- Origin: San Joaquin Valley, California, United States
- Genres: Western; Country; Gospel;
- Years active: 1987–2024
- Label: Warner Western
- Members: Jack Hannah Joe Hannah Lon Hannah

= Sons of the San Joaquin =

American Western family band

The Sons of the San Joaquin was an American Western family band founded in California's Central Valley by brothers Jack and Joe Hannah, and Joe's son, Lon Hannah. In 1987, at Lon's suggestion, the trio first performed together at a birthday party for Lon's grandfather.

Following a performance at the 1989 National Cowboy Poetry Gathering in Elko, Nevada, Michael Martin Murphey invited the group to join him on his Cowboy Songs album.
Then, in 1992, the group signed with Warner Western, with Murphey producing their debut album, A Cowboy Has to Sing.

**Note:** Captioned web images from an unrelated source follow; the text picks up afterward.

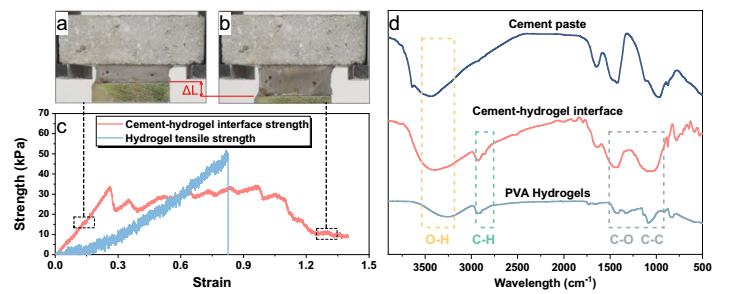 史上最韌復(fù)合水泥問世！東南大學(xué)重磅成果，登上Nature子刊！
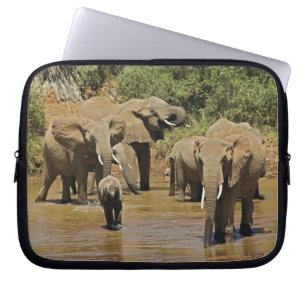 Capa Para Notebook Elefantes Africanos, Loxodonta Africana, Samburu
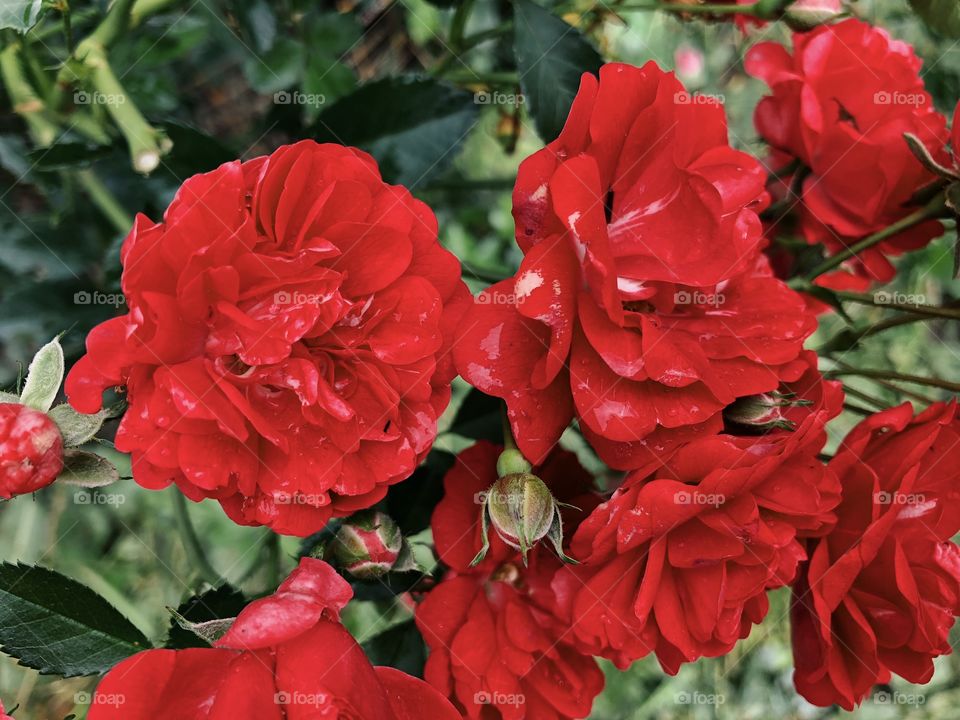 Closeup of beauty red roses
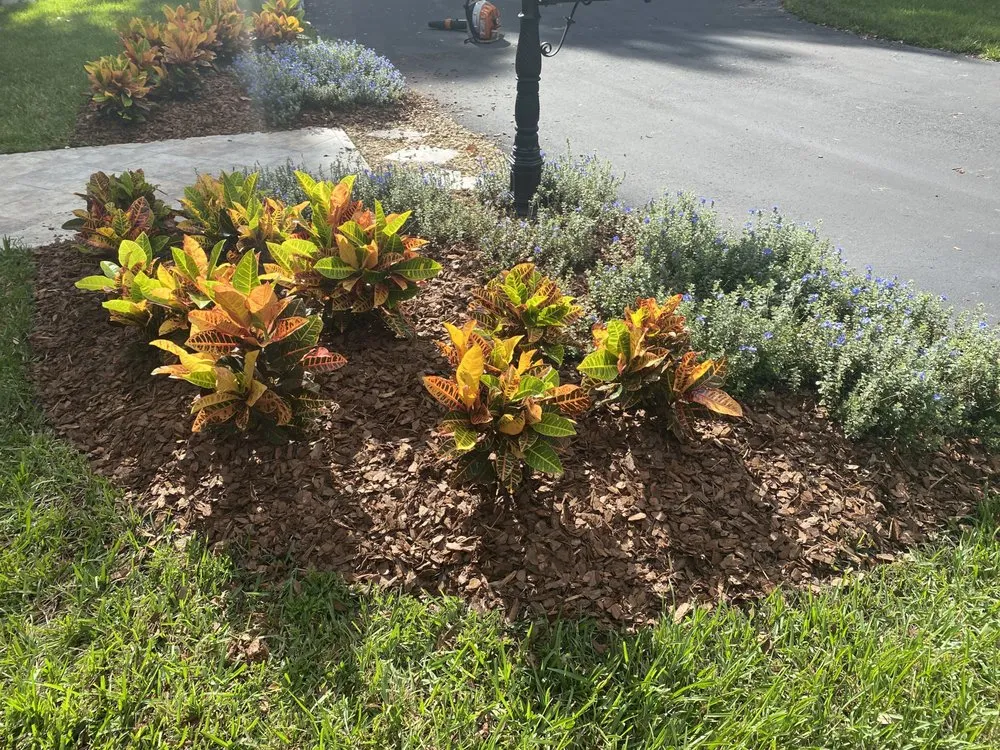 Top-rated lawn mowing service in Jacksonville, FL - Jackson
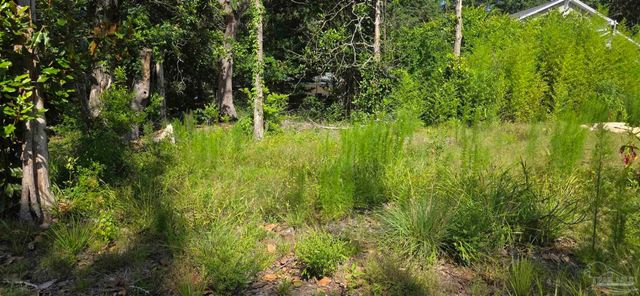 5056 San Miguel St, Milton, FL 32583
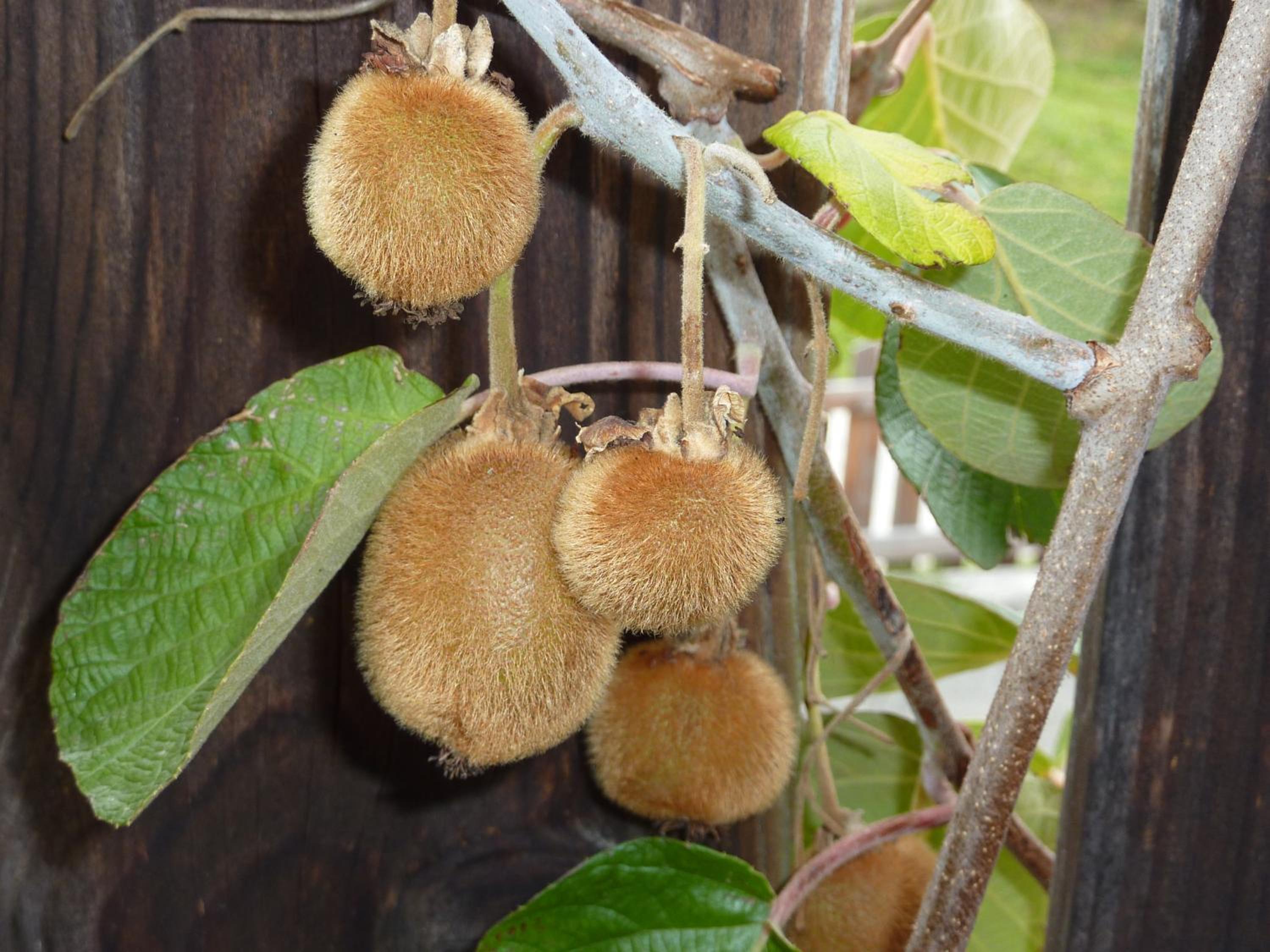 Bio-Bauernhof Rettenbachgut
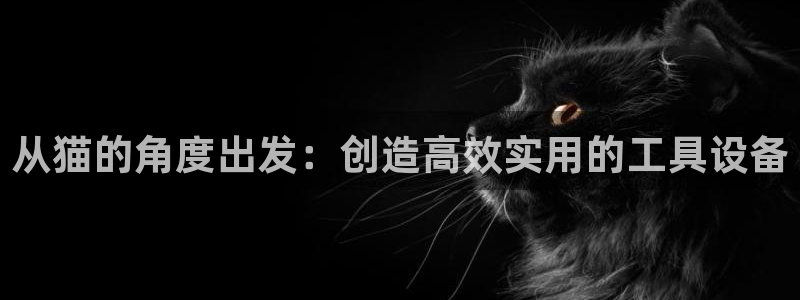 门徒娱乐登录中心官网下载：从猫的角度出发：创造高效实用的工具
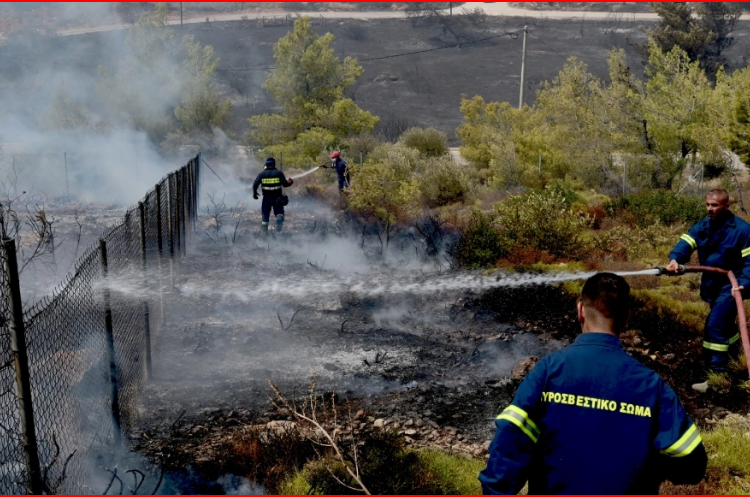 Ν. Κοσμοπούλου: «Είμαστε στις επάλξεις για την αντιμετώπιση των αναζωπυρώσεων»
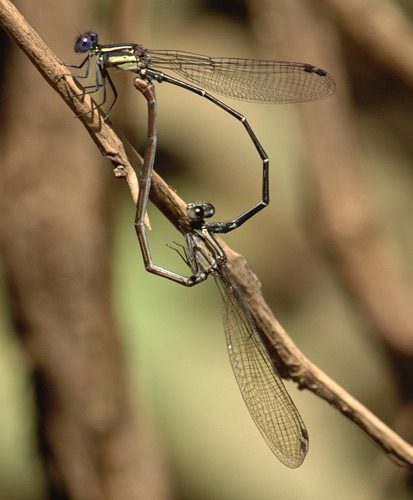 Pair in copula
2006_11_07_Tamaulipas_MX
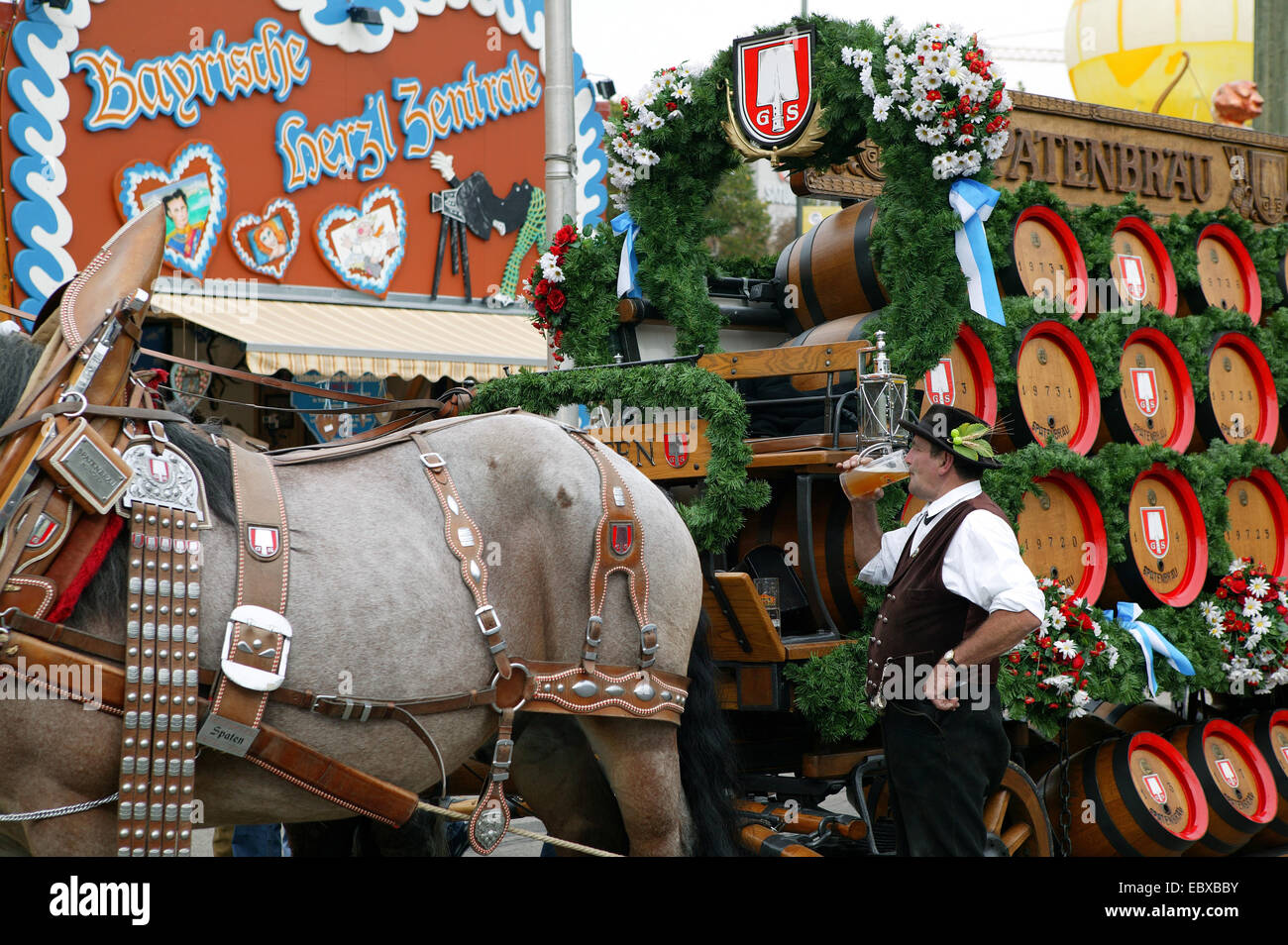Sfruttate il team di cavallo al Oktoberfest a Monaco di Baviera, Germania, il Land della Baviera, Muenchen Foto Stock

Across their 3-decade career, Sons of the San Joaquin was credited with "rich durability of the traditional Western music they present, as well as the outstanding original cowboy songs" and being reminiscent of the Sons of the Pioneers.

Roy Rogers called them "the only singing group alive who I feel sound like the original Sons of the Pioneers". The trio released over a dozen albums, including a gospel album and a collection of greatest hits.

They were inducted into the Western Music Association Hall of Fame in 2006. Several of their albums have been given awards by the National Cowboy and Western Heritage Museum (Cowboy Hall of Fame).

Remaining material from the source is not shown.